Aliviado, Ayalal libertou o ar que havia retido nos pulmões. Levou uma mão pequena ao peito e sorriu-lhe com carinho.

– Estiveste muito doente. Mas agora já estás melhor, e vais ficar boa – disse. E, ao escutar-se, sentiu-se como um pequeno adulto.

Lysa suspirou, lançando uma mirada vaga ao tecto, e depois às restantes pessoas presentes no quarto. Focou o olhar em Yudarh, as sobrancelhas franzindo-se um pouco.

– Quem é? – murmurou, num tom algo vago. A sua mente estava ainda demasiado difusa para que a presença de um desconhecido a incomodasse realmente. Era quase como uma curiosidade.
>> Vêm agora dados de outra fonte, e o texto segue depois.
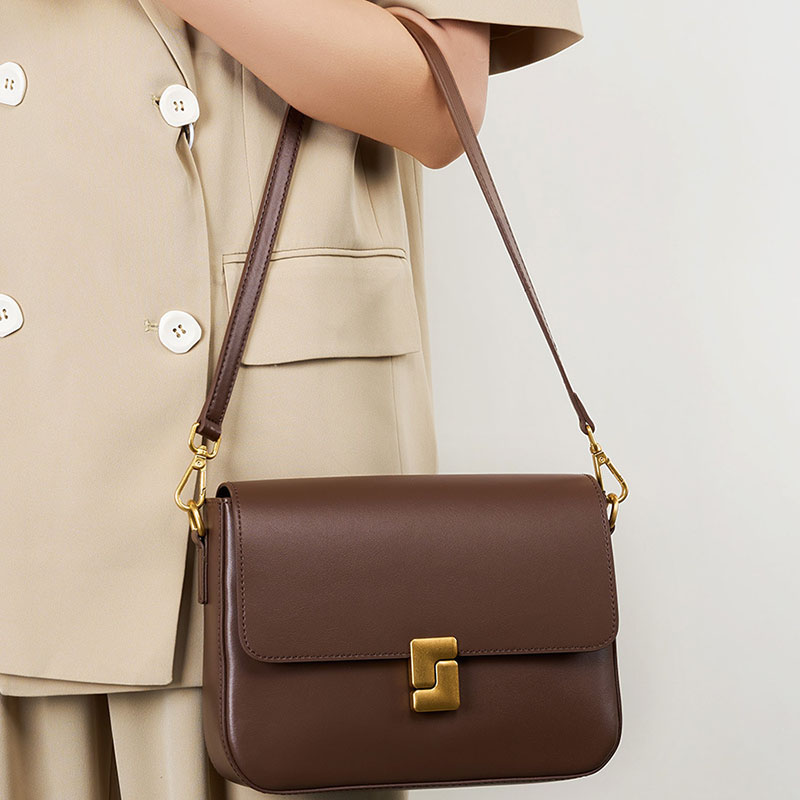 Women's Genuine Leather Flap Magnetic Closure Crossbody Shoulder Bags In Vintage - Image 4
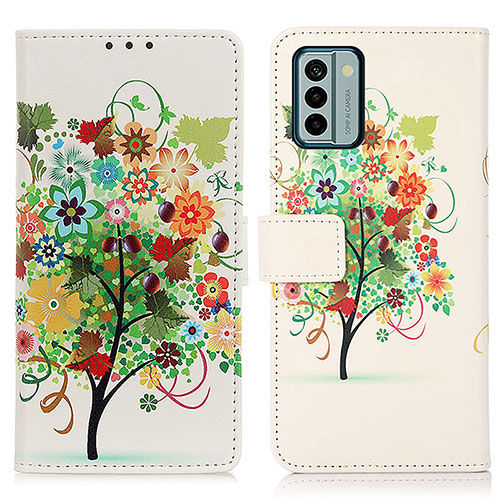 Leather Case Stands Fashionable Pattern Flip Cover Holder D02Y for Nokia G22 Green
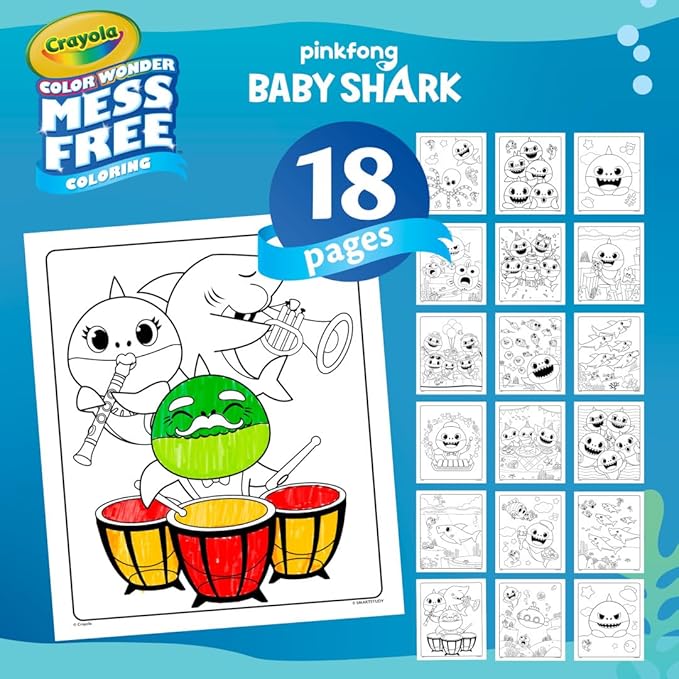 Crayola Baby Shark Color Wonder Pages, Mess Free Coloring for Toddlers, Coloring Activity, Travel Activities, Toddler Toys & Gifts, 3+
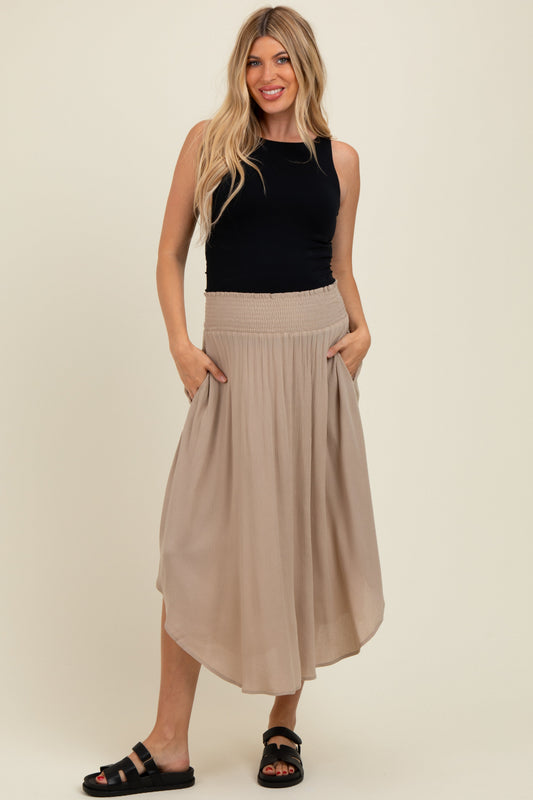 Beige Smocked Waist Rounded Hem Maternity Skirt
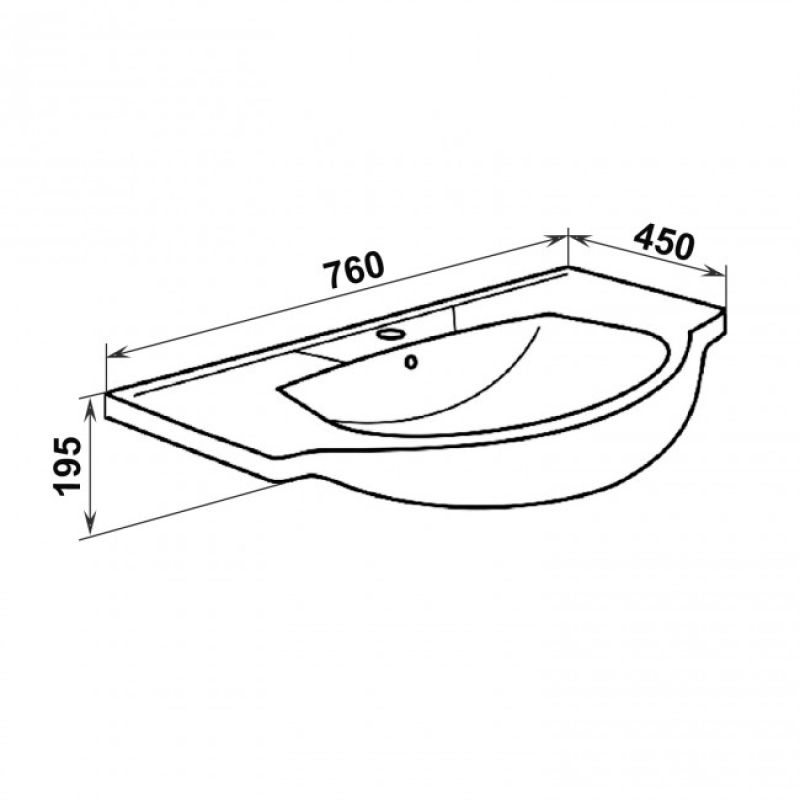 Умывальник Runo мебельный Rosa Элеганс 75 УТ000001314 Белый
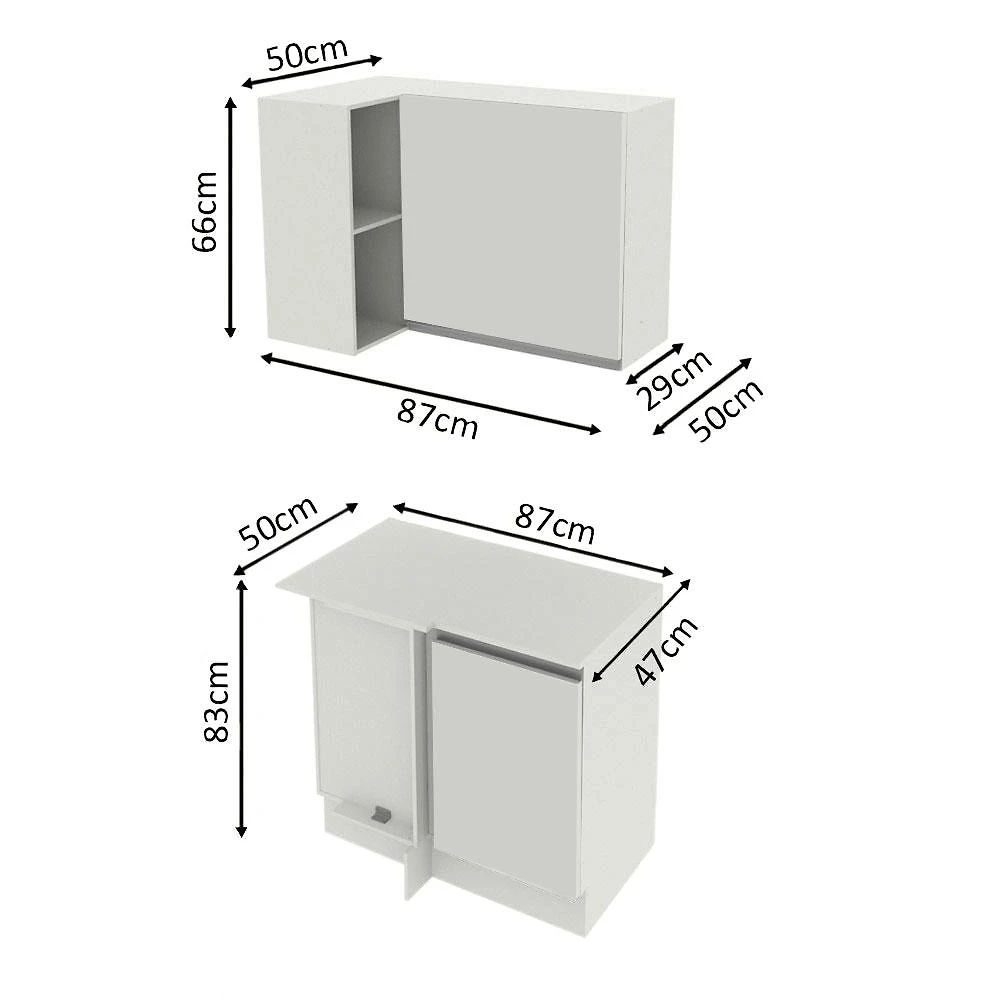 Miniatura Kit Armário de Cozinha de Canto 100% MDF 2 Portas e Nicho Branco Smart Madesa Branco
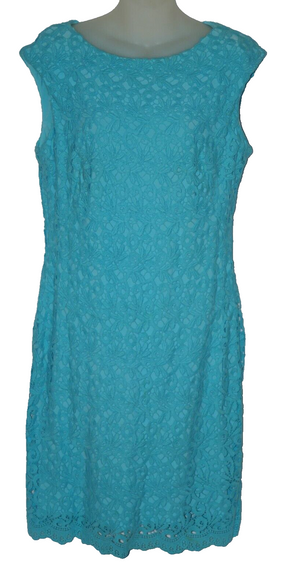 Lauren Ralph Lauren Turquoise Sleeveless Cotten Lined Lace Dress Size 12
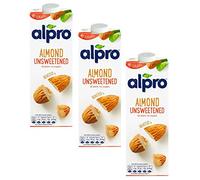 3 x 1Ltr Almond Nuts Unsweetened Plant Based Milk Compatible with Alpro Non-Dairy Long Life Drink | (3 Pack)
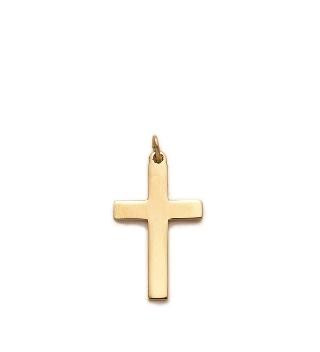 Plain Cross Necklace - Gold-Filled Pendant on 20 Gold-Plated Chain SX0326GH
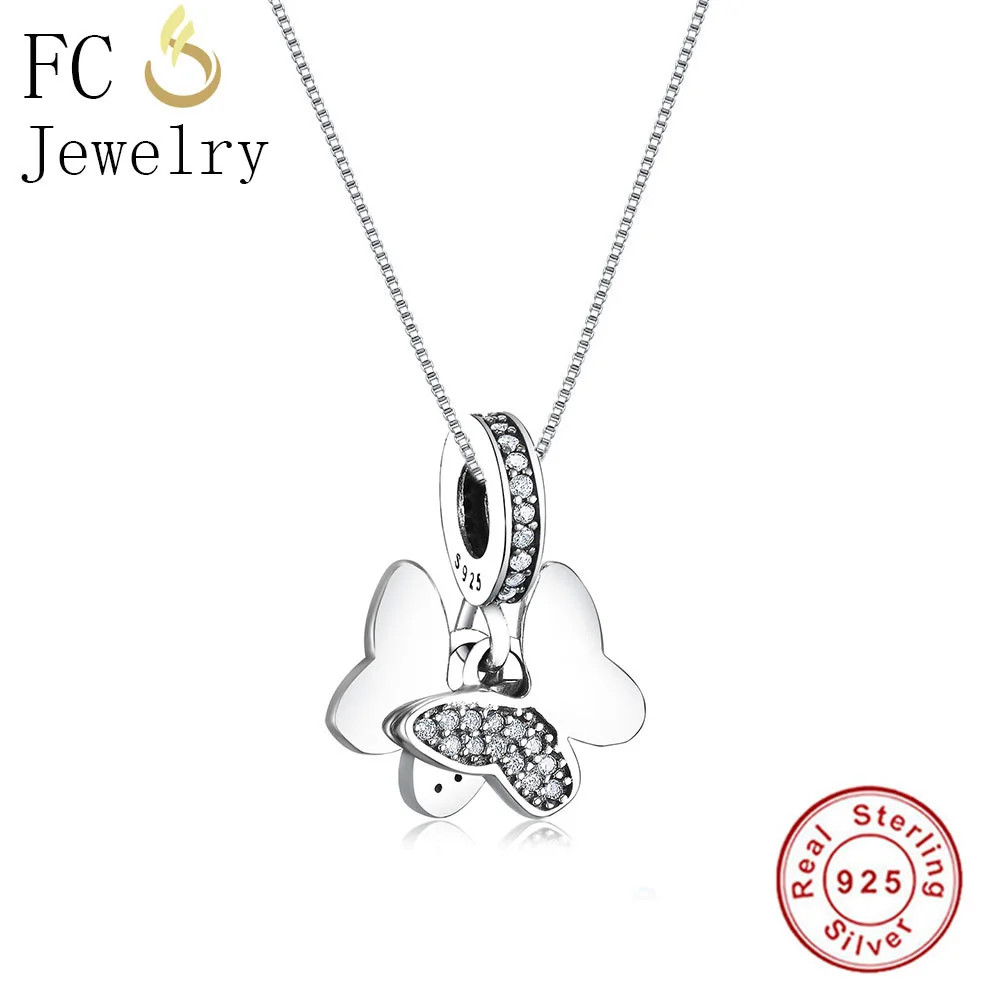 

FC Jewelry 925 Sterling Silver Animal Couple Butterfly Zirconia Crystal Stone Pendant Necklace Chain Women Chokers Trinket 2018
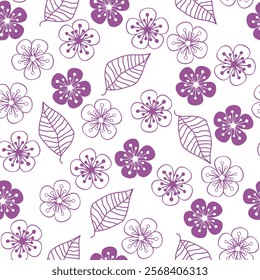 Vector illustration of doodle monochrome purple cherry flowers seamless pattern. Floral organic background. For textiles, wallpaper and packaging. Transparent background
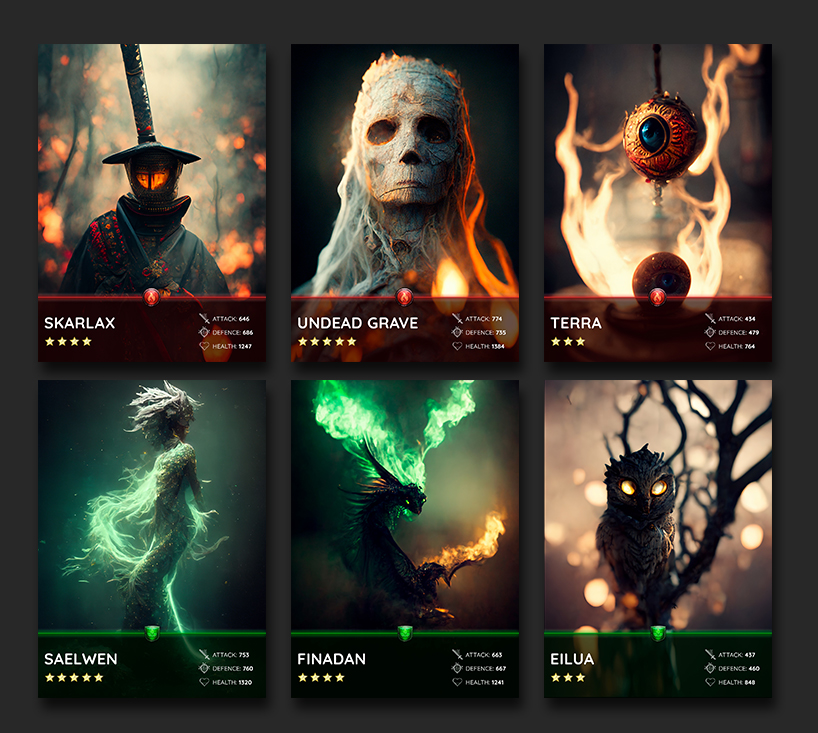 DarkMythosTCG's tweet photo. 3/. What's next?
We are currently working on a website. We will post the URL if everything is finished + a DAO on #soonaverse with benefits.
Get a little sneek peek: we have a rarity score from 1-5 Stars,5 elements,attack,defense,health.
#fantasycardgame #fantasy #iota https://t.co/xNV2XmYSWW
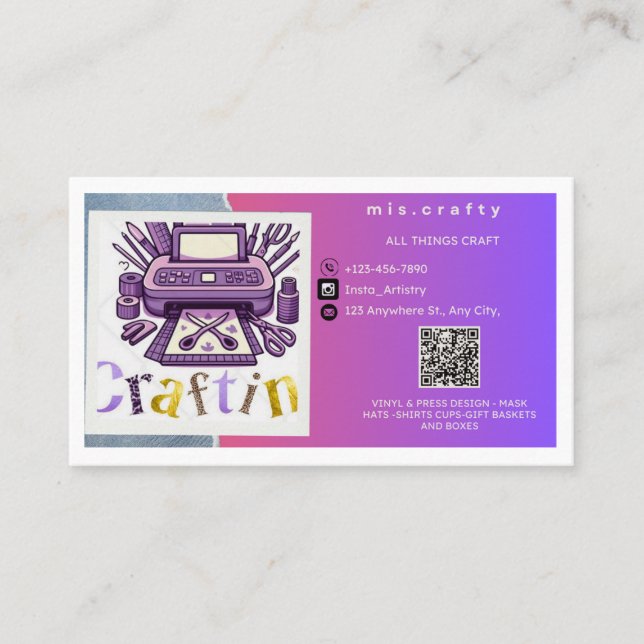Craft Vinyl Business Card Visitenkarte (Vorderseite)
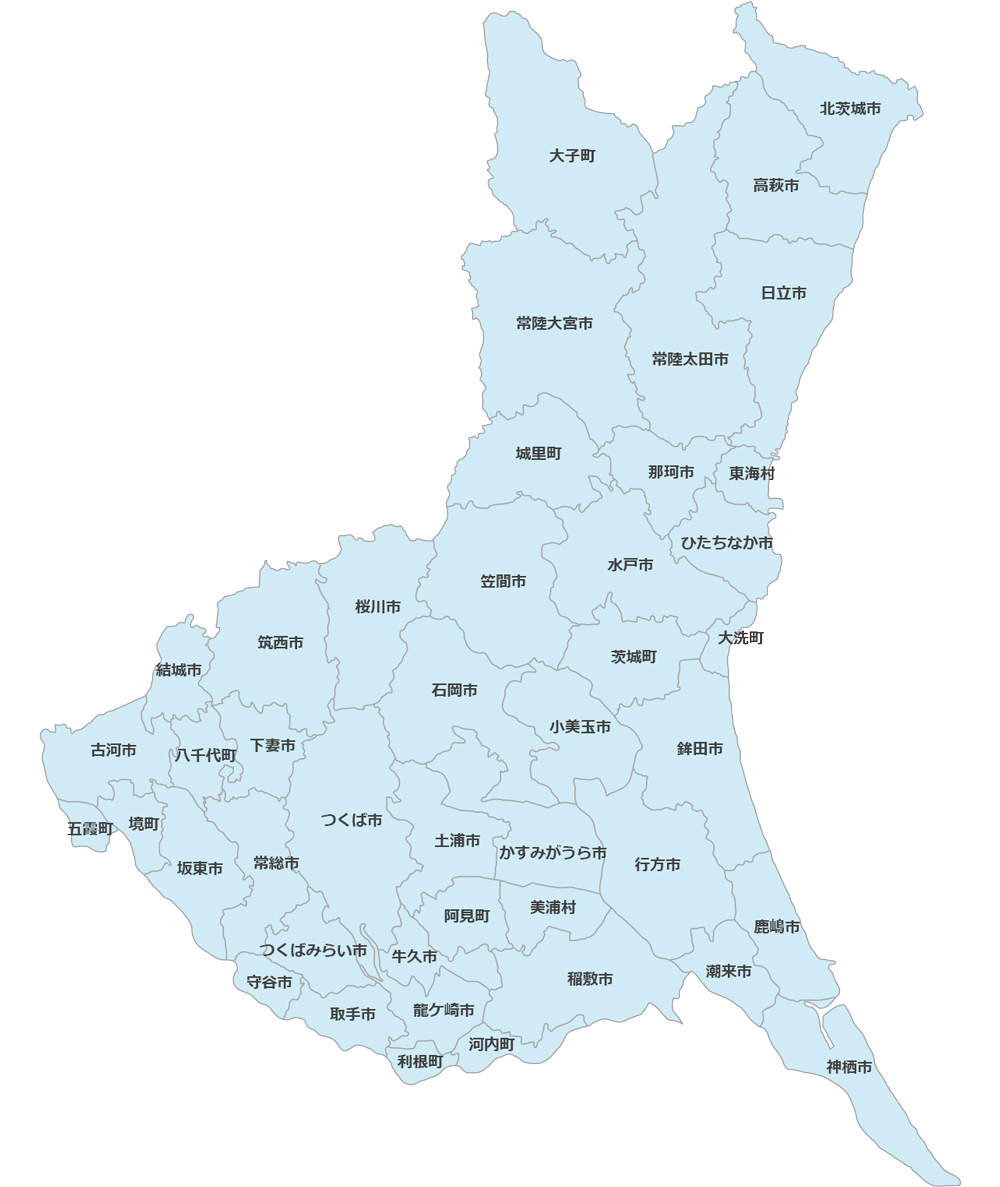 茨城県日本エアコンクリーニング協会員配置図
Ayalal hesitou. Por um lado não se sentia no direito de denunciar o disfarce de Yudarh, por outro não achava justo que a amiga ficasse na ignorância.

Começara a debruçar-se, de forma a poder segredar-lhe ao ouvido, quando um estranho arrepio lhe percorreu o corpo. Endireitou-se de imediato e rodou a cabeça de um lado para o outro, procurando uma explicação para aquela sensação. Parecia tudo dentro do normal – os doentes descansavam nas suas enxergas, Yudarh estava junto de outra criança, enquanto a directora observava. No entanto, sentia os pelos dos braços eriçados sob as mangas da camisola. Passou uma mão pela nuca, erguendo os olhos para o tecto. Era uma sensação similar à que sentia quando as outras crianças o observavam discretamente, mas desta vez não havia ninguém a observá-lo. Engoliu em seco, quando uma ideia assustadora o assaltou. Seria a alma invisível de algum dos mortos que ficara presa ao quarto?

– Ay? O que se passa?

O rapaz baixou o olhar para Lysa, tentando disfarçar a sua repentina apreensão.

– Eu… depois explico – murmurou. Não conseguiu impedir-se de voltar a olhar em volta, agora mais discretamente.